Первым из рода Гревеницев появился в России барон Теодор Эрнст Фрайхер фон Гревениц. Он прибыл в составе свиты принцессы, предназначенной в жены государю Павлу Петровичу, Софьи Доротеи Вюртемберг-Штутгардской (в православном крещении — Марии Феодоровны). Сын этого Гревеница — Александр Карл Франц Людвиг фон Гревениц в 1836 г. женился на дочери богатого петербургского откупщика — Марии Магдалине Перетц[2]. Один из восьмерых их детей, Николас Абрахам (впоследствии Николай Александрович), стал главой интересующего нас семейства.

Прожив более ста лет в России, Гревеницы стали частью ее истории и культуры, являя собой пример типичных представителей служилого российского дворянства. Именно такими, как Гревеницы и подобными им, было крепко это сословие. Великий русский историк Н. М. Карамзин утверждал: «Дворянство есть душа и благородный образ всего народа».

«Дворянство у нас, — писал Н. В. Гоголь, — есть как бы сосуд, в котором заключено нравственное благородство, долженствующее разноситься по лицу всей русской земли затем, чтобы подать понятие всем прочим сословиям, почему сословие высшее называется цветом народа»[3].

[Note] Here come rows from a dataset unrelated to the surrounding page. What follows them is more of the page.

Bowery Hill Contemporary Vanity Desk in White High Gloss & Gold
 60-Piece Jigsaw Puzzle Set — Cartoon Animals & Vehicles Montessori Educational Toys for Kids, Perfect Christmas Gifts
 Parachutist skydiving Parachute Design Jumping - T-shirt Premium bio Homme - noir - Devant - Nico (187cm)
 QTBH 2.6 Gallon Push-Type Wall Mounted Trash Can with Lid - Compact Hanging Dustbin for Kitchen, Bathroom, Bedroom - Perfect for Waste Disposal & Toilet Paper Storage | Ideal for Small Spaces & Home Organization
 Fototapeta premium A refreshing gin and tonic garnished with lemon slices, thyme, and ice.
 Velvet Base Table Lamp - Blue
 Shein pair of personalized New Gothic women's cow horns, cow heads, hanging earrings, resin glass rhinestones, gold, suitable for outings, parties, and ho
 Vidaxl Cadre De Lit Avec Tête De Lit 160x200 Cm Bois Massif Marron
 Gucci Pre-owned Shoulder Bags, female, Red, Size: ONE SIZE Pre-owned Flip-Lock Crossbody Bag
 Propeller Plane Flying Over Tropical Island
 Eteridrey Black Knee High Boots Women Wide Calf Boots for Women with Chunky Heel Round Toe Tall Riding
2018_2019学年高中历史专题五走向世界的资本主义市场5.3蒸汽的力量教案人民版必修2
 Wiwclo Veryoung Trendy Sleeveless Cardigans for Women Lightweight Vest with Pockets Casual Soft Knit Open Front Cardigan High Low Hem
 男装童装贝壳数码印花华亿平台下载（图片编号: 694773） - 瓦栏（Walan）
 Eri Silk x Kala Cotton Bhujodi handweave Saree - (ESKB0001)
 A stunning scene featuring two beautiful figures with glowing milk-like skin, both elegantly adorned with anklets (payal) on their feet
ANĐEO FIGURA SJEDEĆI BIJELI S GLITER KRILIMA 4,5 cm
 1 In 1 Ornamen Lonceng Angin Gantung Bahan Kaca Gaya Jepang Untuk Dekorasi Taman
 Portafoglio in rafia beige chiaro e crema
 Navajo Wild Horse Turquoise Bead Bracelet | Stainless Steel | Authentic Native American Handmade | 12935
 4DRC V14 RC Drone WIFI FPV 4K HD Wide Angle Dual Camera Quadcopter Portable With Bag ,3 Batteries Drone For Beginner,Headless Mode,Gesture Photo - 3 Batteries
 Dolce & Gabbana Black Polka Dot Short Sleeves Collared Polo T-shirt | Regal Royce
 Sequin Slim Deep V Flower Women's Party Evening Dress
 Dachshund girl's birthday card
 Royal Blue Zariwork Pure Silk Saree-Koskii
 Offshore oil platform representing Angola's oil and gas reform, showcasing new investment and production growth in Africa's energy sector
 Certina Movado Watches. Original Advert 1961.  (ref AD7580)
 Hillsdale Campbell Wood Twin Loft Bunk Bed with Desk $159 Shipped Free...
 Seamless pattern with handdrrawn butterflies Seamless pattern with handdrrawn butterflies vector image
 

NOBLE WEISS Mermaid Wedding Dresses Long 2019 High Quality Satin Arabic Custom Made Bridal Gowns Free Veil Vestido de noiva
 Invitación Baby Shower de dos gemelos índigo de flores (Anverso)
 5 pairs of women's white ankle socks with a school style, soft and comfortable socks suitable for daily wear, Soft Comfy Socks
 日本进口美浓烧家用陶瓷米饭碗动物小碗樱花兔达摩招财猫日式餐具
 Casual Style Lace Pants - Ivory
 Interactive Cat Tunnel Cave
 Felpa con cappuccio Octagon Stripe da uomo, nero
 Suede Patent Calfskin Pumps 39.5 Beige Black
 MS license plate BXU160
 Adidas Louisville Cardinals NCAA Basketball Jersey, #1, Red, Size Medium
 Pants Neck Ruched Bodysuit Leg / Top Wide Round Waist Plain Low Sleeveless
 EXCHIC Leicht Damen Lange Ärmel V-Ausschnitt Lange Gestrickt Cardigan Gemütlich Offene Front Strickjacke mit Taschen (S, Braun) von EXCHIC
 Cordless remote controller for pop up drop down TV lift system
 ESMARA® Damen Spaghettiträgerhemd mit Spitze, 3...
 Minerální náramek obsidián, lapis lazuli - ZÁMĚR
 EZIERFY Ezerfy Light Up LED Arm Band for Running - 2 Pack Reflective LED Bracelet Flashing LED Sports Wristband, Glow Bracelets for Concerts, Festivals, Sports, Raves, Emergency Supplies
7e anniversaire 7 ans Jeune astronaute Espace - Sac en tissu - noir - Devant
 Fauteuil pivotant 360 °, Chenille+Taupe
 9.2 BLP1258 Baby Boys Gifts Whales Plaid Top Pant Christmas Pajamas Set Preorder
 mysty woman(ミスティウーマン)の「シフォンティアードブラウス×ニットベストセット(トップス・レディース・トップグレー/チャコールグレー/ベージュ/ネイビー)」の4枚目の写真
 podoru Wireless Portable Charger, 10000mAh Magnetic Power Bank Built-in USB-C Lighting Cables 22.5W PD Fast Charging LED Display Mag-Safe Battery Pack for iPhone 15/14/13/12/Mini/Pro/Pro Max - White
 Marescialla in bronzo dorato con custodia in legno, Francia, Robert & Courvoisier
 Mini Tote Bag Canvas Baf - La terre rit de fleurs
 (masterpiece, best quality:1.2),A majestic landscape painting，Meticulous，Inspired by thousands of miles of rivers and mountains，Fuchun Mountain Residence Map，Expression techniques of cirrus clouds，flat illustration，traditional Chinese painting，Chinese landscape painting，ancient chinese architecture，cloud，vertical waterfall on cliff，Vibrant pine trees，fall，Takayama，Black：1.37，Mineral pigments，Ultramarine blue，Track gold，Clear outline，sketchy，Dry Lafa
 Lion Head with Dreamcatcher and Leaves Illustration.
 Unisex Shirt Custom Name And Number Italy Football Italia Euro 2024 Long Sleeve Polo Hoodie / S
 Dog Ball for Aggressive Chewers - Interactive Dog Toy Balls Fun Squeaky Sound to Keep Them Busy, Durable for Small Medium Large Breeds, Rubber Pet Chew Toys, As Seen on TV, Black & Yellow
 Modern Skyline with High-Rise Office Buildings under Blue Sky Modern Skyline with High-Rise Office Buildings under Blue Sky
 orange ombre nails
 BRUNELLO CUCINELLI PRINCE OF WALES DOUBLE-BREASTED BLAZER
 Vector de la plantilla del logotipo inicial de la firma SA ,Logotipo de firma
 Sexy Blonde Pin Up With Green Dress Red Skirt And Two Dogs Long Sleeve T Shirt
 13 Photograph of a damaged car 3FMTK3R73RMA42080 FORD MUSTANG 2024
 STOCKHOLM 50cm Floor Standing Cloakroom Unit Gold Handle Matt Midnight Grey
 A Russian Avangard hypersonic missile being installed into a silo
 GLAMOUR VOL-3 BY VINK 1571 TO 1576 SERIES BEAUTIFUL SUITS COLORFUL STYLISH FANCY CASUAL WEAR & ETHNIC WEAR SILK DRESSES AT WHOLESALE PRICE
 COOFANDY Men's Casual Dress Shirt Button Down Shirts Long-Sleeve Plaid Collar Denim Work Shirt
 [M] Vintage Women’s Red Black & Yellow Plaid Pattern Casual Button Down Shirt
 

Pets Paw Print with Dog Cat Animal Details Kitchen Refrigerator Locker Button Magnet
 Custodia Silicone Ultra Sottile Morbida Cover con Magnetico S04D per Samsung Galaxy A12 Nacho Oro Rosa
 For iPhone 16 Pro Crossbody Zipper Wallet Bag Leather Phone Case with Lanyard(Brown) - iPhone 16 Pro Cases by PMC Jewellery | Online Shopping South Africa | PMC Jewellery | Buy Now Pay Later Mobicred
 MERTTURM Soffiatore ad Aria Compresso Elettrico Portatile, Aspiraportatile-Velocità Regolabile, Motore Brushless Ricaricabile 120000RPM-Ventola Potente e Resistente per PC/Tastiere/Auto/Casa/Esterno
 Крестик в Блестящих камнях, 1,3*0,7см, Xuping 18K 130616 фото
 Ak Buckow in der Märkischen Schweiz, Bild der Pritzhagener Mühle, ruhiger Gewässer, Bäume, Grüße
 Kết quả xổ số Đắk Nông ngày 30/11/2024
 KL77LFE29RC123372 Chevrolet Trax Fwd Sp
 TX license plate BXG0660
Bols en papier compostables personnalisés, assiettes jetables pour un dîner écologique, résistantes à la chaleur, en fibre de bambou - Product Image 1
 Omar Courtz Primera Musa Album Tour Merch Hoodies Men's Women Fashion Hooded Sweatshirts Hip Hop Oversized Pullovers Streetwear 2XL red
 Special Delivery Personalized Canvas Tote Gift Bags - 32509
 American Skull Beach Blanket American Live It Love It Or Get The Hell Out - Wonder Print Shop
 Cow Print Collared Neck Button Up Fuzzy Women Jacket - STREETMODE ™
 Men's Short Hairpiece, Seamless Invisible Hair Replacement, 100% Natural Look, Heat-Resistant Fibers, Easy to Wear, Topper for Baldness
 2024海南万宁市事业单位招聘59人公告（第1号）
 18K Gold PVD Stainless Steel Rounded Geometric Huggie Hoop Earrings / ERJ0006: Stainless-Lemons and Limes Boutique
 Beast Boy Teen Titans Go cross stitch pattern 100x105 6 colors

Но живя в России, Гревеницы все же не забывали о своем германском происхождении; они оставались лютеранами. Немецкий язык наравне с русским был родным языком в доме. Мужчины семейства Гревеницев были людьми высокообразованными, по-немецки деятельными и целеустремленными, занимали ответственные государственные посты. Женщины этого рода также получали прекрасное образование и, полагая необходимым распространять просвещение и культуру, порой учительствовали в различных учебных заведениях. Собственных детей Гревеницы воспитывали в духе исполнения высшего долга перед Богом, государем и народом, с которым давно сроднились по духу и крови. Среди представителей семейства было немало воинов на суше, на море, а впоследствии и в воздухе. Правительство отличало их заслуженными чинами и наградами.

Барон Федор Николаевич фон Гревениц
Барон Федор Николаевич фон Гревениц

Так было до 1917 г. Но в советское время мстительность тех, кто прежде был никем, а ныне — всем, обрушилась на высшие сословия и аристократические семьи России. (Потом, правда, эта сатанинская злоба коснулась всех без исключения слоев русского общества, дойдя в конце концов до самоистребления.) Почти все представители семьи Гревеницев и их ближайшие родственники были уничтожены советской властью: кто расстрелян, кто умер в ссылке или тюрьме. Уцелели лишь те, кто уехали из России вскоре после революции. Ныне потомки «российских» Гревеницев живут в Финляндии, Англии и Бельгии. В Финляндии живут потомки Бориса Николаевича Гревеница — родного брата Федора Николаевича, потомки его дяди, Георгия Александровича, живут в Англии, а в Бельгии — внуки и правнуки Николая Александровича — двоюродного брата Федора Николаевича[4]. Потомки «европейских» Гревеницев живут в Германии, Англии, Австрии. В Германии неподалеку от городка Бисмарк есть поместье, где сохранился родовой замок баронов фон Гревениц. Раз в три года представители рода съезжаются из разных стран в Германию, чтобы встретиться друг с другом.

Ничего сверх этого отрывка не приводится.